--- Given data Enclosed Below ---

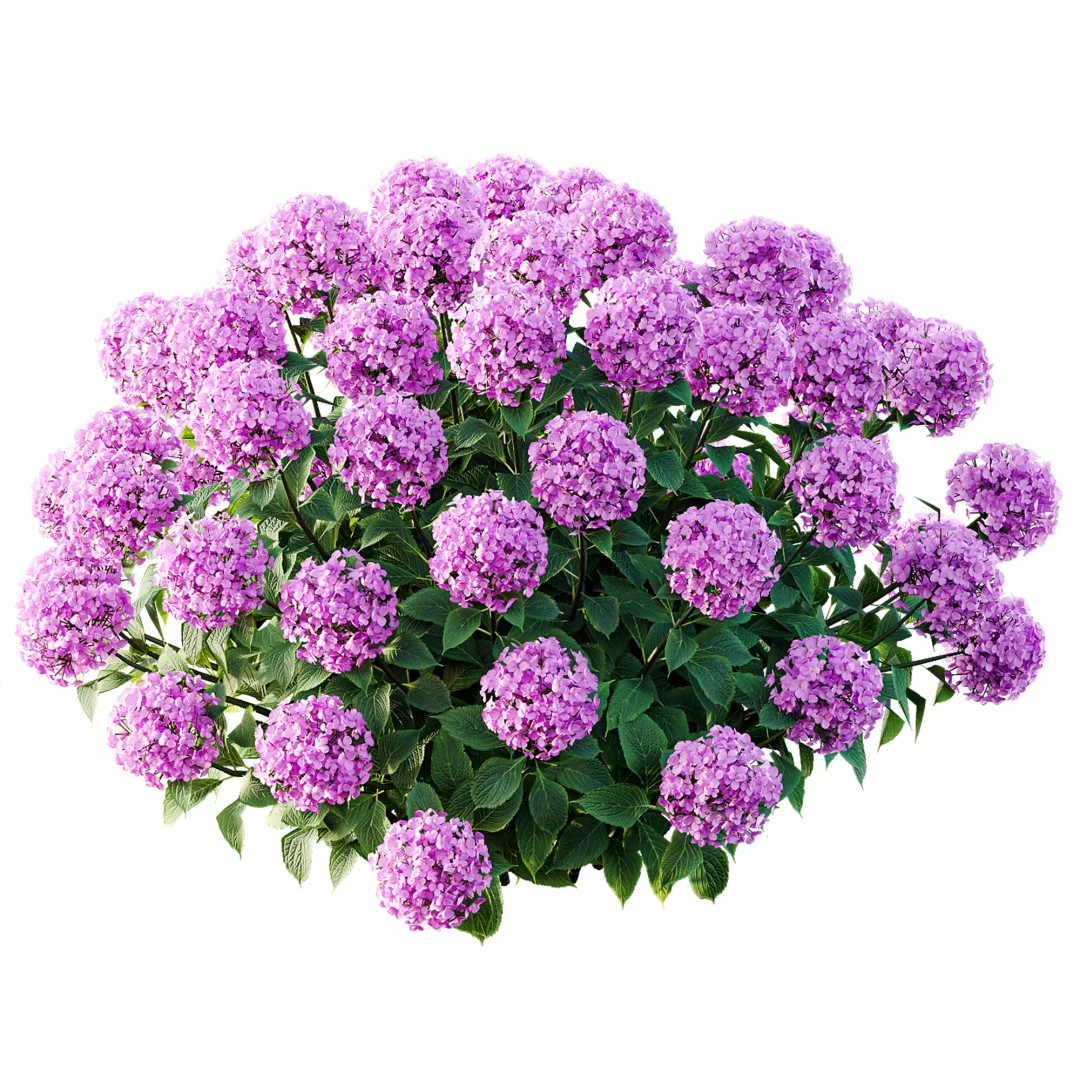 Smooth Wild Hydrangea & Lavandula 3D Model – High Poly PBR Assets for Archviz - View 8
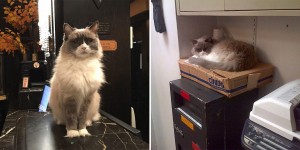 The Algonquin Hotel In NYC Has A Kitty Concierge Named Matilda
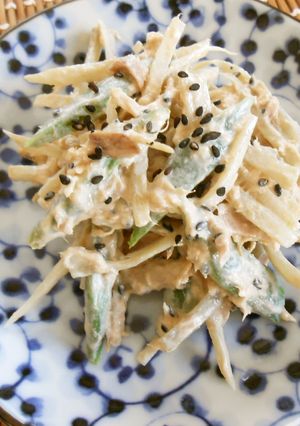 ごぼうといんげん豆のツナサラダ-レシピのメイン写真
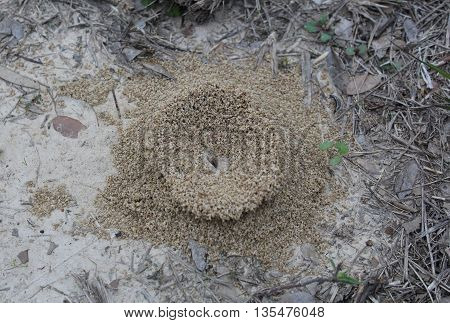 Concave insect mound built on parched ground, surround by stray and dry leaves. Sparse small green sprigs offer signs of life.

--- End of Enclosed Given data ---

### What is required
All of the listing is to be written out exactly, with the pictures left out.

### Your solution
 Smooth Wild Hydrangea & Lavandula 3D Model – High Poly PBR Assets for Archviz - View 8
 The Algonquin Hotel In NYC Has A Kitty Concierge Named Matilda
 ごぼうといんげん豆のツナサラダ-レシピのメイン写真
 Concave insect mound built on parched ground, surround by stray and dry leaves. Sparse small green sprigs offer signs of life.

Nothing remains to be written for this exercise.